← Back to context

Comment by frameset

3 months ago

It actually is.

I run a small video game forum with posts going back to 2008. We got absolutely smashed by bots scraping for training data for LLMs.

So I put it behind Cloudflare and now it's down. Ho hum.

Have you tried Anubis or similar tools? I've had similar issues with bot scraping of a forum taking all server resources, and using PoW challenge solved the problem.

https://github.com/TecharoHQ/anubis

  • I've always wondered: has there been any effort to implement a PoW challenge like that at a lower level? I.e., TCP but the handshake requires solving a challenge, otherwise the connection is just closed? It seems like something that could benefit from being invisible on the application layer.
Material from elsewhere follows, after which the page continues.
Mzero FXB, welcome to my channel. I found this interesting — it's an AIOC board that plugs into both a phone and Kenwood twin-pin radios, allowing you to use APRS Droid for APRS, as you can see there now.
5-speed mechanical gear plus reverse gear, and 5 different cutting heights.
    Edit: To answer my own question, yes: http://www.arijuels.com/wp-content/uploads/2013/09/JB99.pdf

    Edit 2: Maybe TLS would be another reasonable place for it?
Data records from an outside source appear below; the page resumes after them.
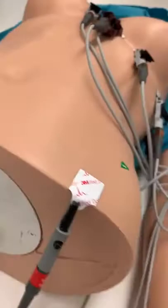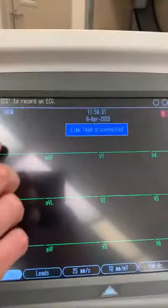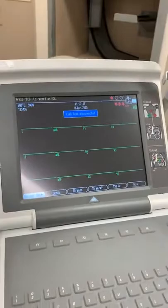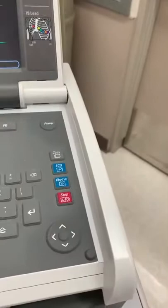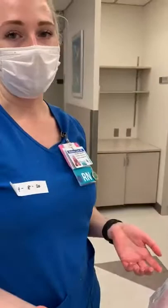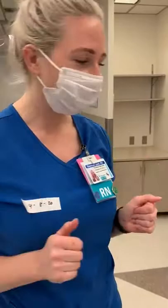We'll come over and look at our screen. We want to make sure that lead one has a positive QRS complex, AVR has a negative QRS complex, and that we see tracings on all of our leads. Once we're happy with that, we'll ask the patient not to talk and not to breathe — to hold still for about 10 seconds if she can tolerate it. Then we'll go over and hit our ECG button, hit continue, and we'll get a nice printout of our ECG. That also saves a screenshot of your ECG in the machine, which takes you to your next step — transmitting the EKG, which uploads it to the patient's chart and it will also be billed to the patient.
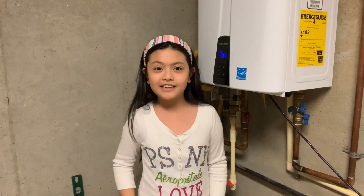Hi guys, today I'm going to show you how to clean this Navian tankless water heater.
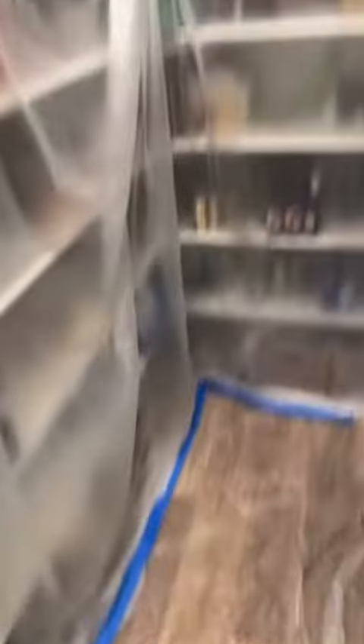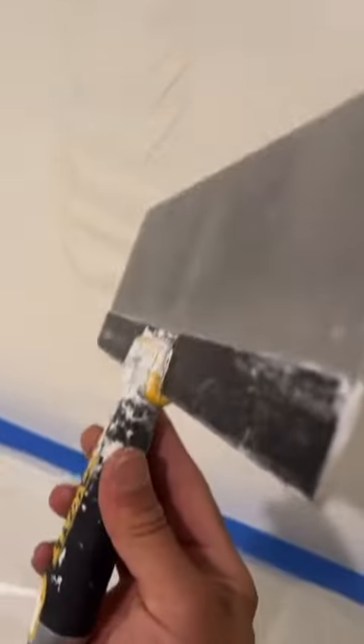First thing you're going to want to do is plastic. This way you keep everything nice and clean, especially here in the pantry room.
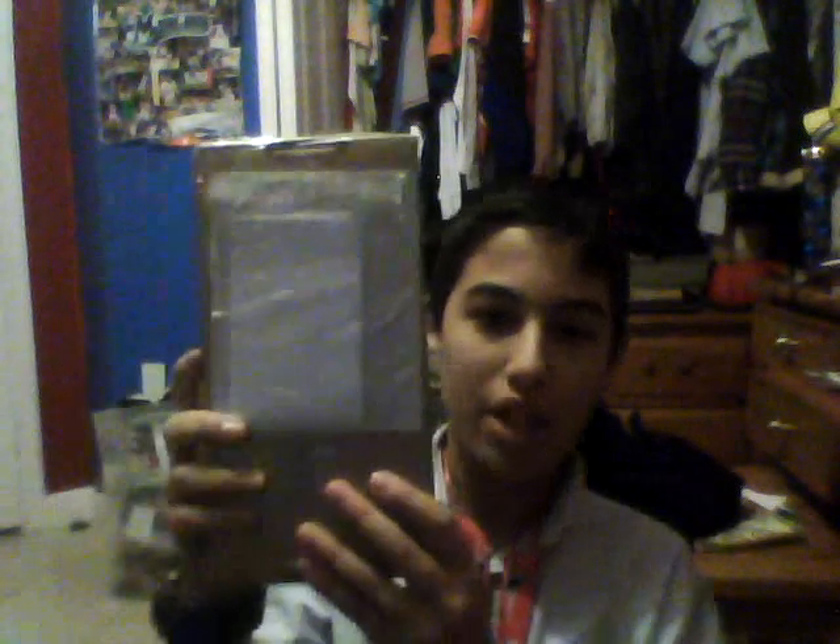Hey guys, Johnny here. I got a package from Sony — hope the camera doesn't skip. I got some paperwork here, let's see what it reads. This is just my order, so let's get into it.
  • I did! It's very cool tech. However for our config it was easier to slap CF in front of it.

    I will say one very appealing use of Anubis I'd love to try is using it as a Traefik middleware to protect services running in docker containers.
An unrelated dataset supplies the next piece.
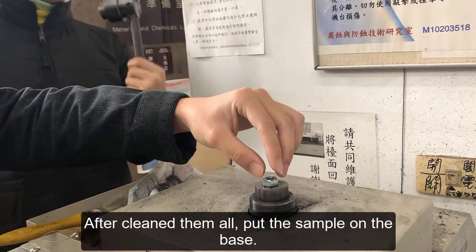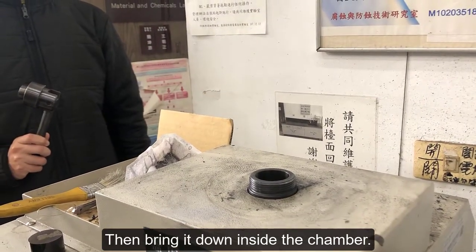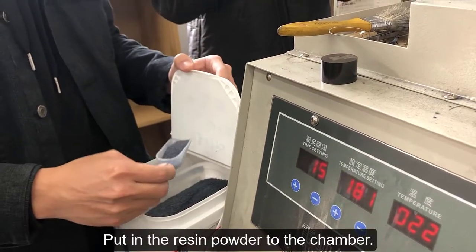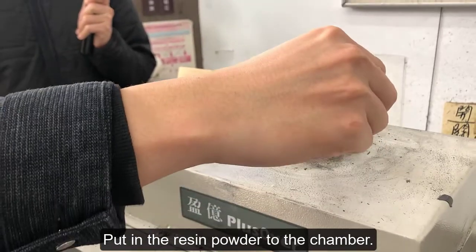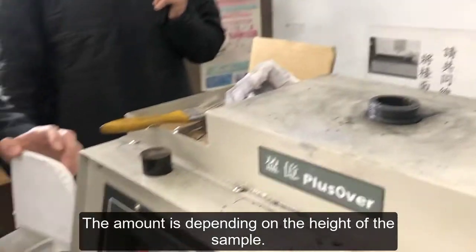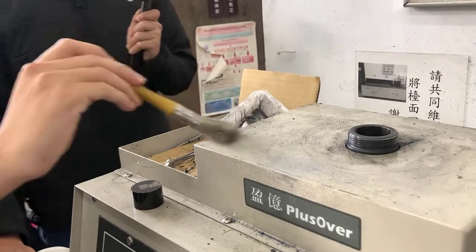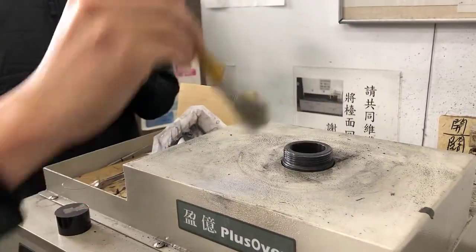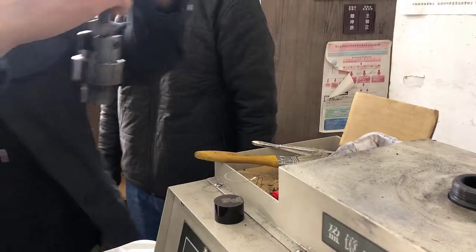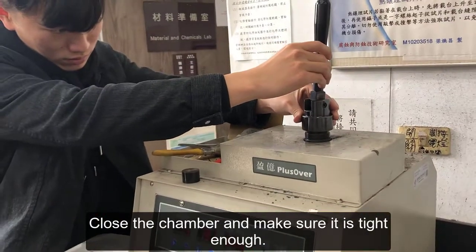After cleaning, put the sample on the base, then bring it down inside the chamber. Put in the resin powder into the chamber — the amount depends on the height of the sample. Then close the chamber and make sure it is tight enough.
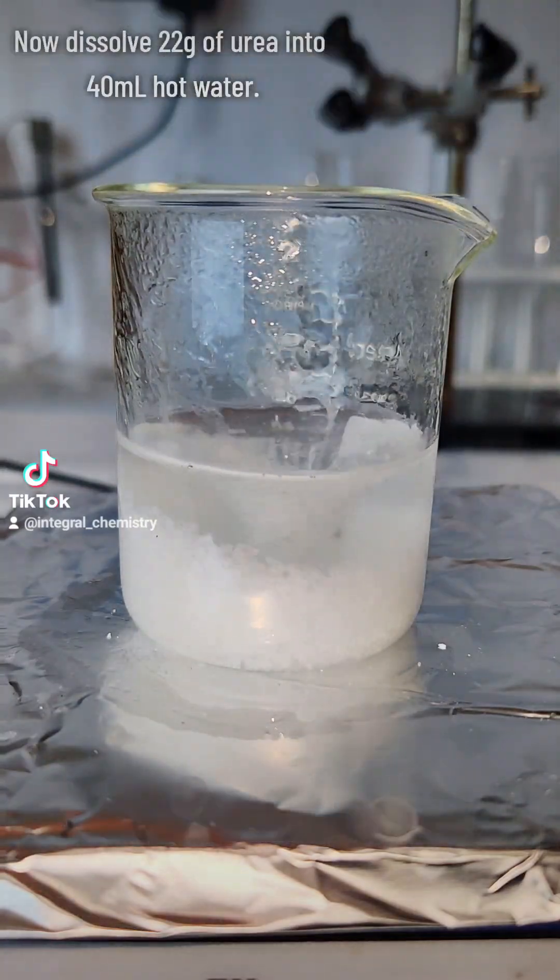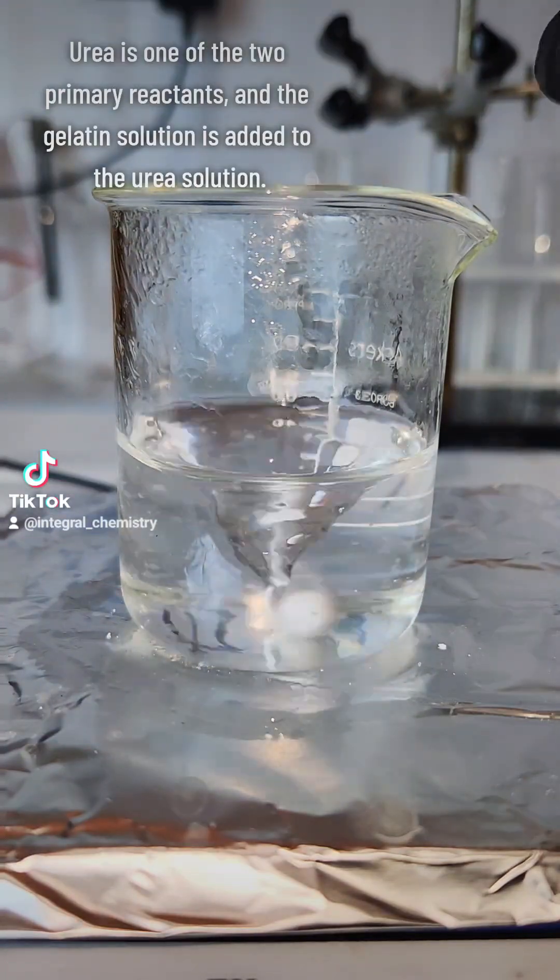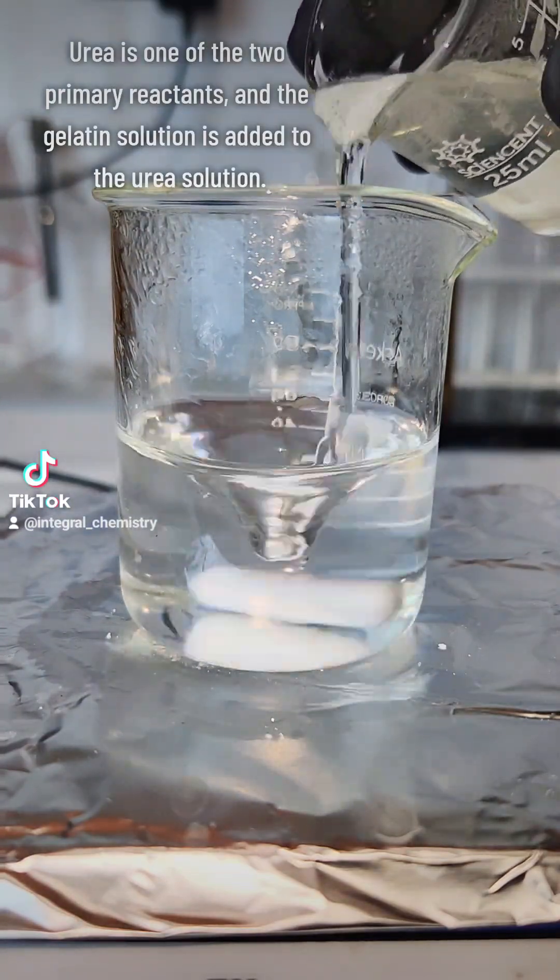Once the gelatin is done dissolving, I then dissolve 22 grams of urea in another 40 milliliters of hot distilled water. These two are then mixed together thoroughly, and this step is done.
Can you please elaborate on “smashed”? I’m very interested

  • I took a screenshot of the graph in cloudflare when I switched on the bot challenges.

    https://i.ibb.co/qHCJyY7/image.png

    I wrote the below to explain to our users what was happening, so apologies if the language is too simple for a HN reader.

    - 0630, we switched our DNS to proxy through CF, starting the collection of data, and implemented basic bot protections

    - Unfortunately whatever anti-bot magic they have isn't quite having the effect, even after two hours.

    - 0830, I sign in and take a look at the analytics. It seems like <SITE NAME> is very popular in Vietnam, Brazil, and Indonesia.

    - 0845, I make it so users from those countries have to pass a CF "challenge". This is similar to a CAPTCHA, but CF try to make it so there's no "choosing all the cars in an image" if they can help it.

    - So far 0% of our Asian audience have passed a challenge.

Same problem here. If I didn't use Cloudflare, nearly all of my traffic would be (apparently misconfigured) scraper bots.